A small town hits hard times, and Mack only knows one way to relieve the tension building inside him: find something to burn. How can a pyromaniac be a hero? I’m curious about this, too. So far everything I’ve read about this book has been positive. I love angsty YA, and I’m a huge fan of Flux books, so I’m definitely eager to crack the cover of this novel.

The Thing About Jellyfish by Ali Benjamin

Grief is such an important issue, and it’s one that our culture doesn’t really handle so well. (But that’s another topic.) This novel focuses on a girl who lost her best friend, she believes, because of a rare jellyfish sting. She sets out on a journey to prove her theory.

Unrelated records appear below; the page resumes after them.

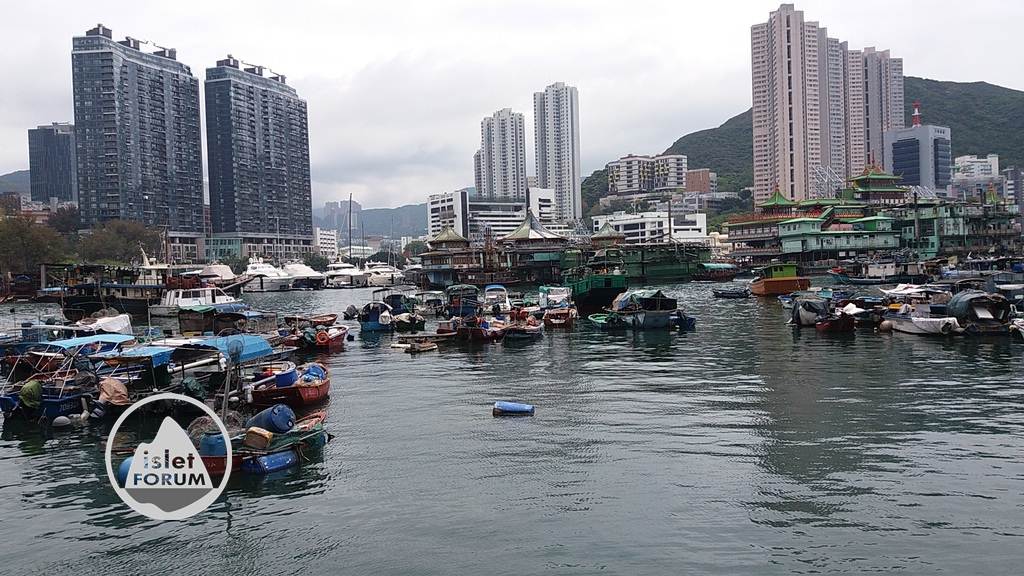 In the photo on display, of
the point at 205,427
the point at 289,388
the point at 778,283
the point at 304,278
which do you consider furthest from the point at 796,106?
the point at 205,427

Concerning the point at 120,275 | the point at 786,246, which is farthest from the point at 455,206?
the point at 120,275

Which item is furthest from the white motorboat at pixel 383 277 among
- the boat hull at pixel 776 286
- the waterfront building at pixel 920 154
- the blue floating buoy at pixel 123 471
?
the waterfront building at pixel 920 154

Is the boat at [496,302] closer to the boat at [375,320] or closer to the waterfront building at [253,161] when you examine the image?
the boat at [375,320]

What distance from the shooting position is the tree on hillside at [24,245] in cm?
9619

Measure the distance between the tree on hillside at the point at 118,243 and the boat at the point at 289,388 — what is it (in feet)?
338

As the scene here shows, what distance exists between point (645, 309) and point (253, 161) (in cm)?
15632

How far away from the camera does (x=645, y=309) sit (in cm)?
4691

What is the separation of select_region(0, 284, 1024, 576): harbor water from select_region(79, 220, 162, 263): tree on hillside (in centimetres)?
10637

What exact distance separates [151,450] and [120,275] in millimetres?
66239

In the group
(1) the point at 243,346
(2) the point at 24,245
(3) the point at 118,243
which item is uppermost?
(3) the point at 118,243

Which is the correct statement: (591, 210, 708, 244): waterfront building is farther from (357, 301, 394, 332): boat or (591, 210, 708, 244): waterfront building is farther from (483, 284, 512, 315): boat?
(357, 301, 394, 332): boat

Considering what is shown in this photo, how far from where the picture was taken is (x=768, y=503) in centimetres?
1469

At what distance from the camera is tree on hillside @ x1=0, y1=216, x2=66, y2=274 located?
96.2 meters

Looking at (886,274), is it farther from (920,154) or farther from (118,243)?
(920,154) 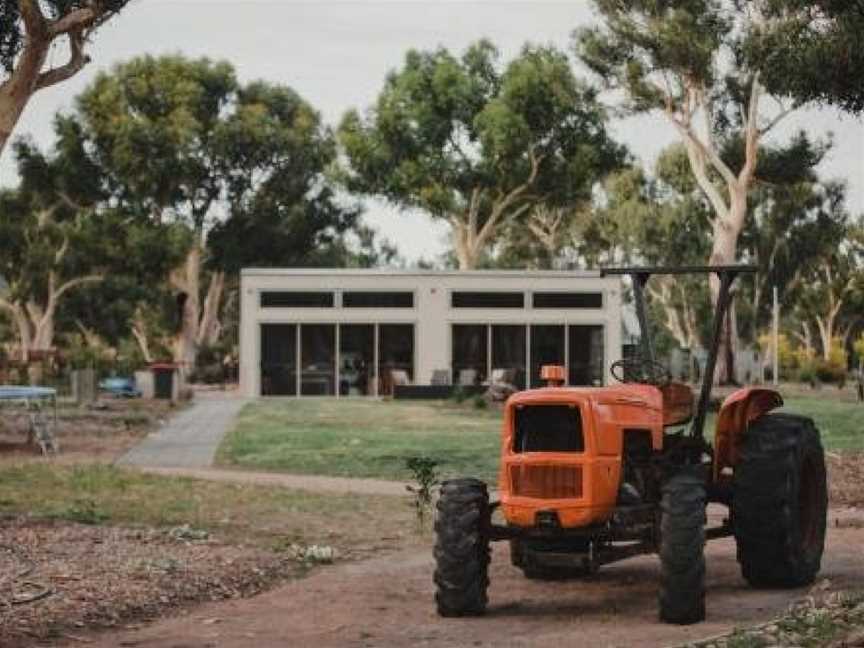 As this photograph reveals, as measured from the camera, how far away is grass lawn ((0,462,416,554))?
12164 millimetres

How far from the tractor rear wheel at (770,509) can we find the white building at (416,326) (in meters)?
34.2

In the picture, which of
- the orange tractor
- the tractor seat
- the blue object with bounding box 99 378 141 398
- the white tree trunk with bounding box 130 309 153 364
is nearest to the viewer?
the orange tractor

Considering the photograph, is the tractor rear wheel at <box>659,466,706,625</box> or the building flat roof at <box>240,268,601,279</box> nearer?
the tractor rear wheel at <box>659,466,706,625</box>

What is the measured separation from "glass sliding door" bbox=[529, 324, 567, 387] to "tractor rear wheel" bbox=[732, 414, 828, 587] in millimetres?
34789

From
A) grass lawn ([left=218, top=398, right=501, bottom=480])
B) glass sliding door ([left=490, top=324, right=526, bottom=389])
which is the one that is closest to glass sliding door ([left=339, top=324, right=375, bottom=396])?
glass sliding door ([left=490, top=324, right=526, bottom=389])

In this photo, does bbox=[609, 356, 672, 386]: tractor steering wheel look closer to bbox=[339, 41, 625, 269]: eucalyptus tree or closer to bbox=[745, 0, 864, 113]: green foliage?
bbox=[745, 0, 864, 113]: green foliage

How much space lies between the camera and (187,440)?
75.2ft

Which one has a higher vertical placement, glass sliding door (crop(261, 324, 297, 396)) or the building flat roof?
the building flat roof

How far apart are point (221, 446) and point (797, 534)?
44.7ft

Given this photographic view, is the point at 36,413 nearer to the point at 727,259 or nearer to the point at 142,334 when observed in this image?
the point at 727,259

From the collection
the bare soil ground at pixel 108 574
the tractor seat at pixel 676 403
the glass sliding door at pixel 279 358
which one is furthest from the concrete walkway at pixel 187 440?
the tractor seat at pixel 676 403

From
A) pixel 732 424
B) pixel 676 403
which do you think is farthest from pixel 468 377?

The Scorpion Rules by Erin Bow

This looks like a dystopian novel in which the children of world leaders are raised in seclusion, trained for the day in which they may be used in a hostage exchange to keep peace between nations. It looks dark but like it has real potential to explore some human rights issues. I’m excited to check it out.

I Crawl Through It by A. S. King

I’ve been on a bit of a streak reading YA novels that deal with some heavy mental health issues. This one follows four teens as they battle their way through dealing with trauma. The copy on Goodreads and NetGalley reference possibly some multiple personality or delusions.


Killer Instinct by Jennifer Lynn Barnes (The Naturals #2)

A team of teens possess special abilities (not like X-men, more like, super-geniuses at certain things like lie-spotting or profiling) which make them indispensable to the FBI. It’ll take all their gifts to stop a serial killer before he snatches his next victim. Suspense isn’t my usual go-to, but this novel definitely appealed to me. I like that it focuses on the relationships between characters as well as this pressing mystery.

Lullaby by Amanda Hocking (Watersong #2)

I’ve actually read this before and for some reason never managed to write up a review. I’m listening to the audiobook version and will write my review from that. It’s about a girl who was tricked into becoming a Siren. Only after she’s transformed does she realize a few of the downsides: she can’t leave her Siren sisters; she must eat the heart of a boy to survive; and she must spend time in the ocean water or she’ll die. (The heart-eating sounds super gross, but it’s not described in the story.)

Battle of Beings by Nita Tarr (War Child #1)

This sounds a little bit like a cross between This Present Darkness and Eragon? The description intrigues me, so I’m giving it a go this month.